Every single entry that follows must be copied exactly.

§

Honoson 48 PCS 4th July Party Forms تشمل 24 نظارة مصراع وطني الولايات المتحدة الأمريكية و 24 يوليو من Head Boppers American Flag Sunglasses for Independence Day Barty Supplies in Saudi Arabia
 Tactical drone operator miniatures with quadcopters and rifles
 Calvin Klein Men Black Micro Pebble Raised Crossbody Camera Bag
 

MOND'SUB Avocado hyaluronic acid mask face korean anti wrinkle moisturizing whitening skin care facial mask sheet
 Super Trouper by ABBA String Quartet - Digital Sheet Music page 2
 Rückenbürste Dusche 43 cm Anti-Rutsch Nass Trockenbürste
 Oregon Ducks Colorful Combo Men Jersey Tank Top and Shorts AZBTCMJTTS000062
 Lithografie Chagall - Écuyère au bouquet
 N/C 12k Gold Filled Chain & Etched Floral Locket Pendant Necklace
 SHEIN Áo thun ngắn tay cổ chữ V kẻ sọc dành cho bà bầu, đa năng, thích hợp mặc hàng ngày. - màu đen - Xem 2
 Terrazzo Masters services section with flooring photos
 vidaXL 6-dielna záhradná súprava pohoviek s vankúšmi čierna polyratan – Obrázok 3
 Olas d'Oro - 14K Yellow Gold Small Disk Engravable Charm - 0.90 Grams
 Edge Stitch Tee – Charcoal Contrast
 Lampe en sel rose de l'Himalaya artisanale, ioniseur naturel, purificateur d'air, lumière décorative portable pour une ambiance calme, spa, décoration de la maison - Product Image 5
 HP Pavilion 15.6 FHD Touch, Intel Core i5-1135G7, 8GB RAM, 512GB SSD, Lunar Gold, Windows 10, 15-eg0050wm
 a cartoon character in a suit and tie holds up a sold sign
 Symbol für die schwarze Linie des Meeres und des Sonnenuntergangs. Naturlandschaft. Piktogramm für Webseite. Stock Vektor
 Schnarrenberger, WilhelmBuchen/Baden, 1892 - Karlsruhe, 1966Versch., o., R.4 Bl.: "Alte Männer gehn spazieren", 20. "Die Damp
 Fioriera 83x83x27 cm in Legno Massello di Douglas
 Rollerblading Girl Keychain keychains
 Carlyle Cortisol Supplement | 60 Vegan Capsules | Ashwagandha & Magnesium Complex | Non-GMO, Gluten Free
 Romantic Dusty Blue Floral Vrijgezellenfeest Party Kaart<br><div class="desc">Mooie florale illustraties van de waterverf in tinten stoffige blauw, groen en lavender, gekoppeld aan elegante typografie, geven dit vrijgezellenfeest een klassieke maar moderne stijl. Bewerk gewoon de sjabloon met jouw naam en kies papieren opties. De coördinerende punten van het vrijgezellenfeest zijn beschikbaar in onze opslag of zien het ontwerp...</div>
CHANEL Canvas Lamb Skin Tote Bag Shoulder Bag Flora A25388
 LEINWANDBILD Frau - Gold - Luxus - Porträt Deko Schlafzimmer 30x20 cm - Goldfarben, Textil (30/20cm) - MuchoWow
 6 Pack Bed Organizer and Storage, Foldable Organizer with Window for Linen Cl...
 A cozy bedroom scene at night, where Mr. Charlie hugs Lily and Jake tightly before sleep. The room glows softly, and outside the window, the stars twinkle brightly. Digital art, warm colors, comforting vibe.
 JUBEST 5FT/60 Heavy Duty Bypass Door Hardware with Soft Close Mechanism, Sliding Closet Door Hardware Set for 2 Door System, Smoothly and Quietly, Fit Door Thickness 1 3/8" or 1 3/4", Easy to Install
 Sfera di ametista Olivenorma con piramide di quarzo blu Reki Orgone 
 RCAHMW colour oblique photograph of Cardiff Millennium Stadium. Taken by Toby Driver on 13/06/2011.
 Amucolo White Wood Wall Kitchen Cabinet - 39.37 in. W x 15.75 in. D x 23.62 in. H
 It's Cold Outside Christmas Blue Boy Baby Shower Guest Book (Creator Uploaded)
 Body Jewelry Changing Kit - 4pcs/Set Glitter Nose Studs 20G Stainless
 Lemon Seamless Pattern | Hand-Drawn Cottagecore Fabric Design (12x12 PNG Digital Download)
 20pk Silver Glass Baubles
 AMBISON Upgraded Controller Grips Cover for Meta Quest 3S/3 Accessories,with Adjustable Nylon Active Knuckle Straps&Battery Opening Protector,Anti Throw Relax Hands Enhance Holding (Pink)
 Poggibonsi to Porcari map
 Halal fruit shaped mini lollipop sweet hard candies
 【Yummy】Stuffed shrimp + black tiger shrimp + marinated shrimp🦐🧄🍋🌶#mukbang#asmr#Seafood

§

■ FINISHED EXERCISE
Honoson 48 PCS 4th July Party Forms تشمل 24 نظارة مصراع وطني الولايات المتحدة الأمريكية و 24 يوليو من Head Boppers American Flag Sunglasses for Independence Day Barty Supplies in Saudi Arabia
 Tactical drone operator miniatures with quadcopters and rifles
 Calvin Klein Men Black Micro Pebble Raised Crossbody Camera Bag
 

MOND'SUB Avocado hyaluronic acid mask face korean anti wrinkle moisturizing whitening skin care facial mask sheet
 Super Trouper by ABBA String Quartet - Digital Sheet Music page 2
 Rückenbürste Dusche 43 cm Anti-Rutsch Nass Trockenbürste
 Oregon Ducks Colorful Combo Men Jersey Tank Top and Shorts AZBTCMJTTS000062
 Lithografie Chagall - Écuyère au bouquet
 N/C 12k Gold Filled Chain & Etched Floral Locket Pendant Necklace
 SHEIN Áo thun ngắn tay cổ chữ V kẻ sọc dành cho bà bầu, đa năng, thích hợp mặc hàng ngày. - màu đen - Xem 2
 Terrazzo Masters services section with flooring photos
 vidaXL 6-dielna záhradná súprava pohoviek s vankúšmi čierna polyratan – Obrázok 3
 Olas d'Oro - 14K Yellow Gold Small Disk Engravable Charm - 0.90 Grams
 Edge Stitch Tee – Charcoal Contrast
 Lampe en sel rose de l'Himalaya artisanale, ioniseur naturel, purificateur d'air, lumière décorative portable pour une ambiance calme, spa, décoration de la maison - Product Image 5
 HP Pavilion 15.6 FHD Touch, Intel Core i5-1135G7, 8GB RAM, 512GB SSD, Lunar Gold, Windows 10, 15-eg0050wm
 a cartoon character in a suit and tie holds up a sold sign
 Symbol für die schwarze Linie des Meeres und des Sonnenuntergangs. Naturlandschaft. Piktogramm für Webseite. Stock Vektor
 Schnarrenberger, WilhelmBuchen/Baden, 1892 - Karlsruhe, 1966Versch., o., R.4 Bl.: "Alte Männer gehn spazieren", 20. "Die Damp
 Fioriera 83x83x27 cm in Legno Massello di Douglas
 Rollerblading Girl Keychain keychains
 Carlyle Cortisol Supplement | 60 Vegan Capsules | Ashwagandha & Magnesium Complex | Non-GMO, Gluten Free
 Romantic Dusty Blue Floral Vrijgezellenfeest Party Kaart<br><div class="desc">Mooie florale illustraties van de waterverf in tinten stoffige blauw, groen en lavender, gekoppeld aan elegante typografie, geven dit vrijgezellenfeest een klassieke maar moderne stijl. Bewerk gewoon de sjabloon met jouw naam en kies papieren opties. De coördinerende punten van het vrijgezellenfeest zijn beschikbaar in onze opslag of zien het ontwerp...</div>
CHANEL Canvas Lamb Skin Tote Bag Shoulder Bag Flora A25388
 LEINWANDBILD Frau - Gold - Luxus - Porträt Deko Schlafzimmer 30x20 cm - Goldfarben, Textil (30/20cm) - MuchoWow
 6 Pack Bed Organizer and Storage, Foldable Organizer with Window for Linen Cl...
 A cozy bedroom scene at night, where Mr. Charlie hugs Lily and Jake tightly before sleep. The room glows softly, and outside the window, the stars twinkle brightly. Digital art, warm colors, comforting vibe.
 JUBEST 5FT/60 Heavy Duty Bypass Door Hardware with Soft Close Mechanism, Sliding Closet Door Hardware Set for 2 Door System, Smoothly and Quietly, Fit Door Thickness 1 3/8" or 1 3/4", Easy to Install
 Sfera di ametista Olivenorma con piramide di quarzo blu Reki Orgone 
 RCAHMW colour oblique photograph of Cardiff Millennium Stadium. Taken by Toby Driver on 13/06/2011.
 Amucolo White Wood Wall Kitchen Cabinet - 39.37 in. W x 15.75 in. D x 23.62 in. H
 It's Cold Outside Christmas Blue Boy Baby Shower Guest Book (Creator Uploaded)
 Body Jewelry Changing Kit - 4pcs/Set Glitter Nose Studs 20G Stainless
 Lemon Seamless Pattern | Hand-Drawn Cottagecore Fabric Design (12x12 PNG Digital Download)
 20pk Silver Glass Baubles
 AMBISON Upgraded Controller Grips Cover for Meta Quest 3S/3 Accessories,with Adjustable Nylon Active Knuckle Straps&Battery Opening Protector,Anti Throw Relax Hands Enhance Holding (Pink)
 Poggibonsi to Porcari map
 Halal fruit shaped mini lollipop sweet hard candies
 【Yummy】Stuffed shrimp + black tiger shrimp + marinated shrimp🦐🧄🍋🌶#mukbang#asmr#Seafood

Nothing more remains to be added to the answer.